* Recorded information
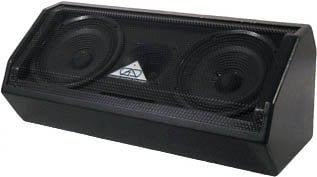 Grundorf GT1601MH-BLACK 8" Two-Way Dual Bass Reflex Multi-Angle Loudspeaker System (with Handle, No Pole Mount, Black)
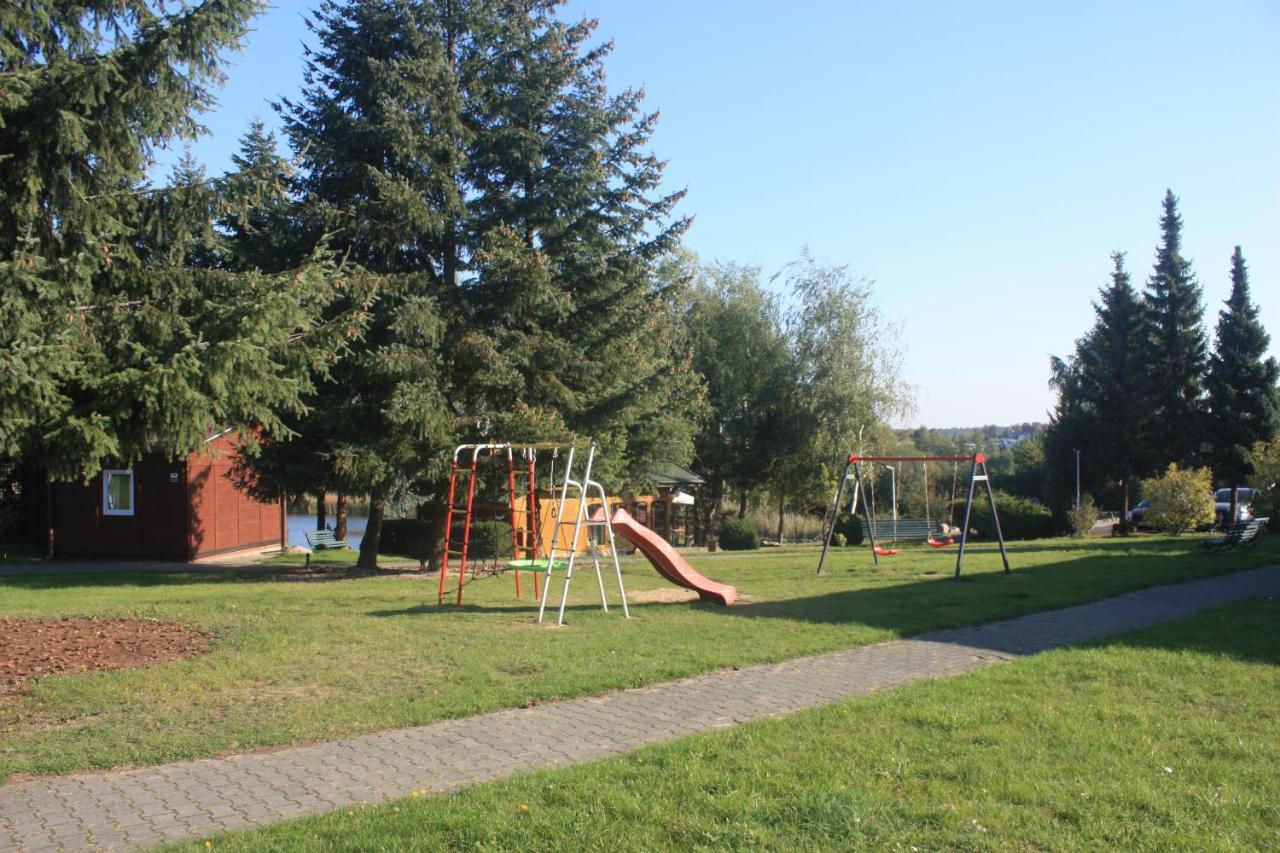Ab Domki Caloroczne Nad Jeziorem Steszew Экстерьер фото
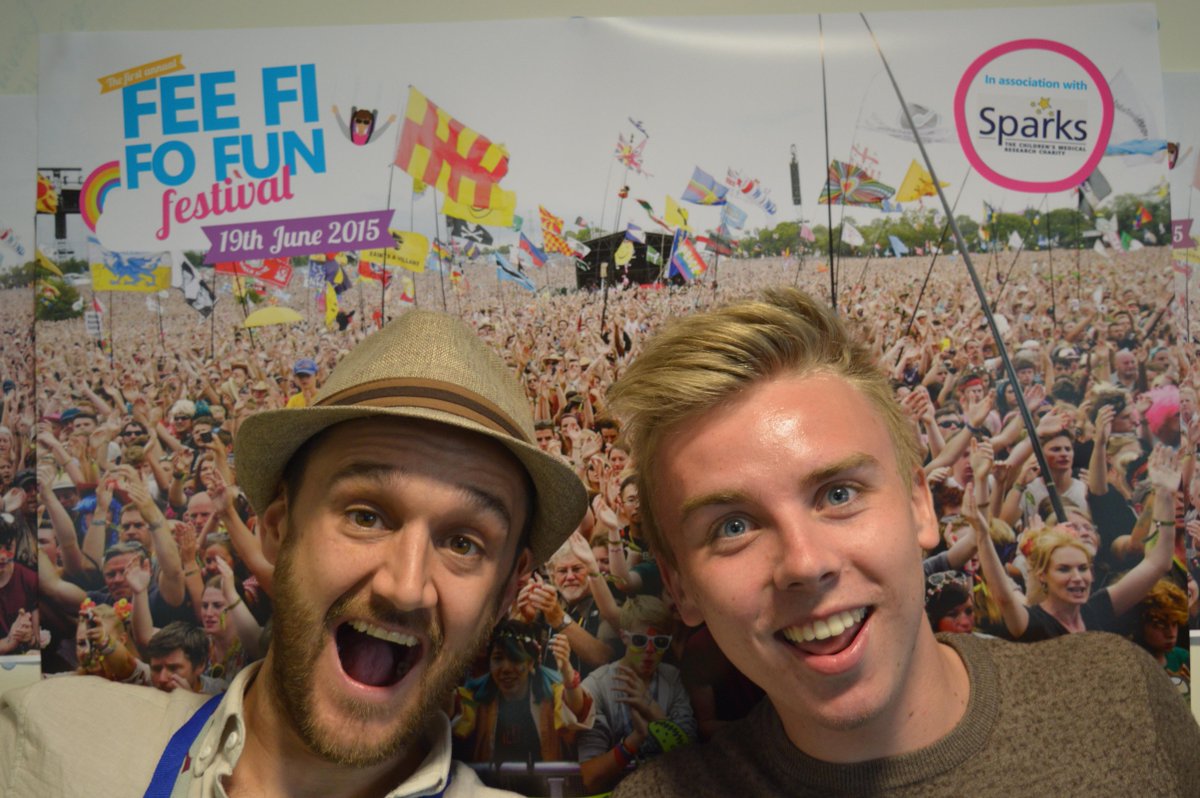 hronlinetweets's tweet photo. Our #feefifofun festival took place last week to raise funds for @SparksCharity http://t.co/IoSmCY32m0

* Goal of the exercise
Skipping any pictures, transcribe the full listing exactly.

* Answer section
 Grundorf GT1601MH-BLACK 8" Two-Way Dual Bass Reflex Multi-Angle Loudspeaker System (with Handle, No Pole Mount, Black)
Ab Domki Caloroczne Nad Jeziorem Steszew Экстерьер фото
 hronlinetweets's tweet photo. Our #feefifofun festival took place last week to raise funds for @SparksCharity http://t.co/IoSmCY32m0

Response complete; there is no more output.